Awesome to see this here! A lot of this work was done by an undergrad as part of his thesis, and I summarized the work in this Twitter thread along with our planned directions for 2022 (https://twitter.com/ChrisRackauckas/status/14772748124604497...). Though the abstract also captures the idea quite well too:
Abstract: This thesis proposes an advanced, generic and high-level code rewriting and analysis system in the Julia programming language, providing applied equality saturation in the presence of multiple dispatch and metaprogramming. We show how our system can practically solve some challenging problems: Can programmers implement their own high-level compiler optimizations for their domain-specific scientific programs, without the requirement of them being compiler experts at all? Can these optimizers be implemented by users in the same language and inside the same programs they want to optimize, solving the two-language problem? Can these compiler optimizers be written in a high-level fashion, as equations, without the need to worry about the rewriting ordering? Thus, can symbolic mathematics do high-level compiler optimizations or vice-versa?
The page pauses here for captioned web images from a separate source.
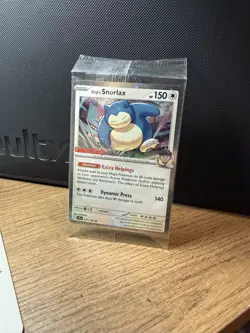 Pokemon TCG Hop's Snorlax GameStop Promo Card 117/159 Journey Together Sealed NM - Image 1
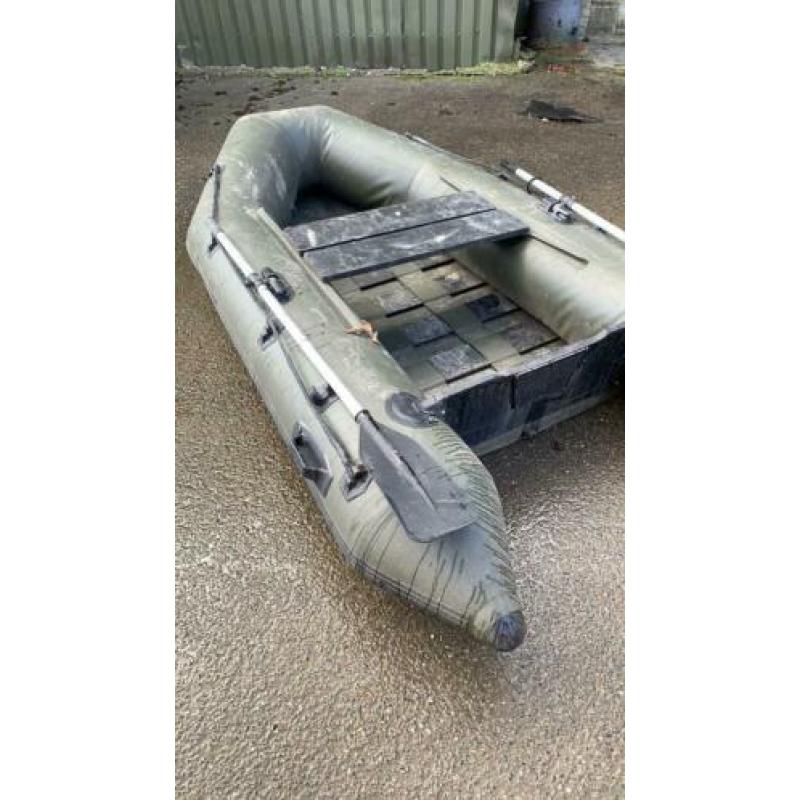 Trojan 290 opblaasbare rubberboot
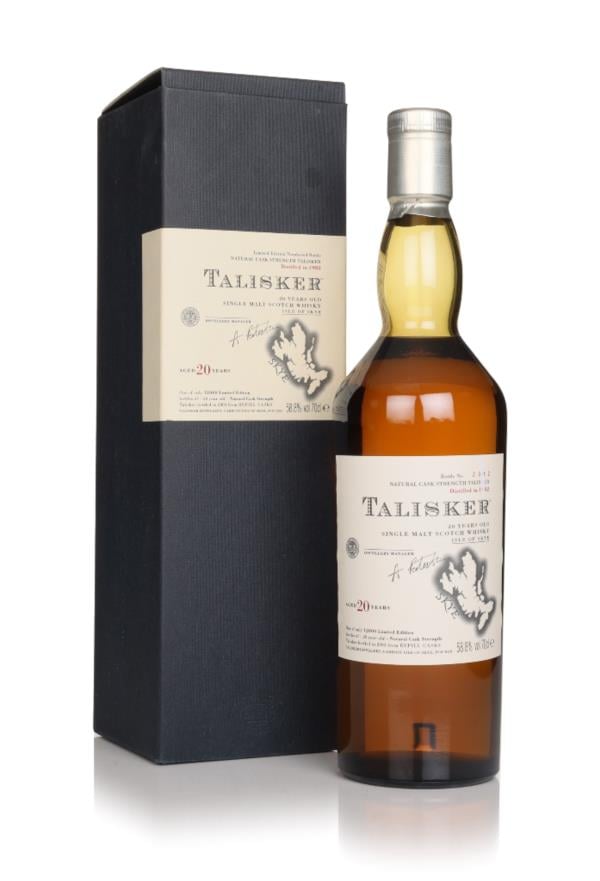 Talisker 20 Year Old 1982 (Special Release 2003) Single Malt Whisky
For those who are not compiler experts, let me try to give a simplified (but not really wrong) explanation.
About 10 years ago, a paper came out on using something called equality saturation to do compiler optimization. This is a fancy term that really means "generate all equivalences in the IR rather than destructive IR updates".
IE if you have
a = 5 + 5
"Destructive" optimizers will rewrite this to:
a = 10
"Equality saturation" would simply annotate this with
<a = 10>
a = 5 + 5
Rather than destroying the original program.
Each optimization generates sets of equivalences and equalities, rather than updating the IR. Over time, equality saturation has moved to more formally expressed rewrite systems as the optimizers.
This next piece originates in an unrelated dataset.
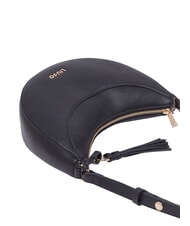 LIUJO CIRRY Bolso de hombro mediano con charm NEGRO - Bolsos Mujer - 5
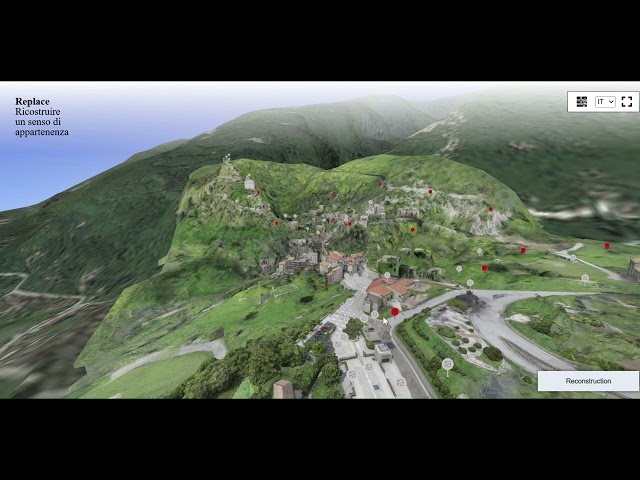 Senerchia WebGL Platform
Something eventually comes through and picks the most "optimal" set of equivalent code for the program.
Note that almost all compilers already do this in various phases for various reasons - LLVM and GCC both, for example, annotate the IR with inequalities and other equivalences prior to doing value optimizations, etc.
Equality saturation has it's niceties:
1. phase ordering is less of an issue- assuming you do this well, you will have no missed optimizations due to alternative representations that were not chosen.
2. more formalized rewrite systems are often verifiable, simpler, and have less bugs
It also has downsides:
1. lots of memory
2. very complicated exploration of the optimization space - none of the optimizations know which set of equivalences will be chosen in the end, so if they want the best code, they have to explore optimizing all the equivalences that have been generated before.
3. Most rewrite passes (formally expressed or not) individually are not optimal enough (and some can be proven impossible to make optimal) that you will still end up with phase ordering issues, just less of them, whether you express your passes as formal rewrite rules or not. In general, most of these problems end up as NP-hard constraint solving problems or equivalent.
Truthfully, it's an approach that is interesting (I went down this rabbit hole myself in LLVM at one point), and if you applied good ML or heuristics to it, i bet you could find a reasonable tradeoff of what to explore vs not, and get better results than the compiler gets now. Expressing them as formally verifiable rewrite rules rather than ad-hoc passes will also make for a lot less compiler bugs ;)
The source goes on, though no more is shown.